---- EXTRACTED DATA
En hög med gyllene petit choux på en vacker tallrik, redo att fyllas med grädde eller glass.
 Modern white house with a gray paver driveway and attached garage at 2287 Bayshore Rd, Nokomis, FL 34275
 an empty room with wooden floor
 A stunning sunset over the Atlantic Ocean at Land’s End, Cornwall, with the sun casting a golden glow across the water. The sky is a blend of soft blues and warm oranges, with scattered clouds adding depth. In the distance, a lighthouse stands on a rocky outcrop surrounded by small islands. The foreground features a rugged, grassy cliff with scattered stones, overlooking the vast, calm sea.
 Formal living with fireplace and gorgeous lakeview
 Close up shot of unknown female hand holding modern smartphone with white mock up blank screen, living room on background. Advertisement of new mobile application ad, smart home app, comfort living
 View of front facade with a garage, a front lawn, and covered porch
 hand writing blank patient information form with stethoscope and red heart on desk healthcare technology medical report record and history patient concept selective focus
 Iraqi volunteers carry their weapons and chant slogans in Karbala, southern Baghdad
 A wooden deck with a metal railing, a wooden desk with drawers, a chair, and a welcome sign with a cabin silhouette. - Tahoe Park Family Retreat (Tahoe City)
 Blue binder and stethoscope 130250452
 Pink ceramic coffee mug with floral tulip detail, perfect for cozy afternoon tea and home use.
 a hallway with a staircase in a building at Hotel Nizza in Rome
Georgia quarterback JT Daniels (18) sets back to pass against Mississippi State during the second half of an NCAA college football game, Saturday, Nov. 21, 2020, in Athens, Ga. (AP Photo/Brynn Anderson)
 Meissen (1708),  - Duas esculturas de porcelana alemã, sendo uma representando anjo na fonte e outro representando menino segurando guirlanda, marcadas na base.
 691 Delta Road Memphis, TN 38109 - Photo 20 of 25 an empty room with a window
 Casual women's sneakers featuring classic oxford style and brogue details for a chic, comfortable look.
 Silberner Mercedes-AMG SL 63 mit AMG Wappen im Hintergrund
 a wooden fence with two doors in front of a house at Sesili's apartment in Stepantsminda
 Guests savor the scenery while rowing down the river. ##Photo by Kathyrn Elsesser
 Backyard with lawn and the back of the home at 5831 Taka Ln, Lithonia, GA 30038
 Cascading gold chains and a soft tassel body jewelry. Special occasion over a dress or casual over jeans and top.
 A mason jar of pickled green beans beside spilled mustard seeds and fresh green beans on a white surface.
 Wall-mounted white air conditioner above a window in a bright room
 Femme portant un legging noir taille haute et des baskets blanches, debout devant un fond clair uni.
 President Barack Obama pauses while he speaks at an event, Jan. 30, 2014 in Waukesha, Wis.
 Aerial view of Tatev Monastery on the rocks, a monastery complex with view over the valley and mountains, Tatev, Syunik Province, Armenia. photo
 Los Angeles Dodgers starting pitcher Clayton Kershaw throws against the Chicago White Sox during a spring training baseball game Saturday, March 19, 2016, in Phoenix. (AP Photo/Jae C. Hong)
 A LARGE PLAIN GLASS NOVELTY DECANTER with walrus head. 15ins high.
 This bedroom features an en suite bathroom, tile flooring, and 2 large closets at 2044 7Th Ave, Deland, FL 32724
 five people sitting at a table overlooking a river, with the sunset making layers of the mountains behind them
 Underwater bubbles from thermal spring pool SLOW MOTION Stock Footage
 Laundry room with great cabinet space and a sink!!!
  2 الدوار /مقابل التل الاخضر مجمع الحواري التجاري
--------
> _DIRECTIONS FOR THIS TASK_: Since only part of the listing is wanted, copy exactly the lines from the one holding "an empty room with wooden floor" to the one holding "Pink ceramic coffee", both included.

> _OUTPUT_:
 an empty room with wooden floor
 A stunning sunset over the Atlantic Ocean at Land’s End, Cornwall, with the sun casting a golden glow across the water. The sky is a blend of soft blues and warm oranges, with scattered clouds adding depth. In the distance, a lighthouse stands on a rocky outcrop surrounded by small islands. The foreground features a rugged, grassy cliff with scattered stones, overlooking the vast, calm sea.
 Formal living with fireplace and gorgeous lakeview
 Close up shot of unknown female hand holding modern smartphone with white mock up blank screen, living room on background. Advertisement of new mobile application ad, smart home app, comfort living
 View of front facade with a garage, a front lawn, and covered porch
 hand writing blank patient information form with stethoscope and red heart on desk healthcare technology medical report record and history patient concept selective focus
 Iraqi volunteers carry their weapons and chant slogans in Karbala, southern Baghdad
 A wooden deck with a metal railing, a wooden desk with drawers, a chair, and a welcome sign with a cabin silhouette. - Tahoe Park Family Retreat (Tahoe City)
 Blue binder and stethoscope 130250452
 Pink ceramic coffee mug with floral tulip detail, perfect for cozy afternoon tea and home use.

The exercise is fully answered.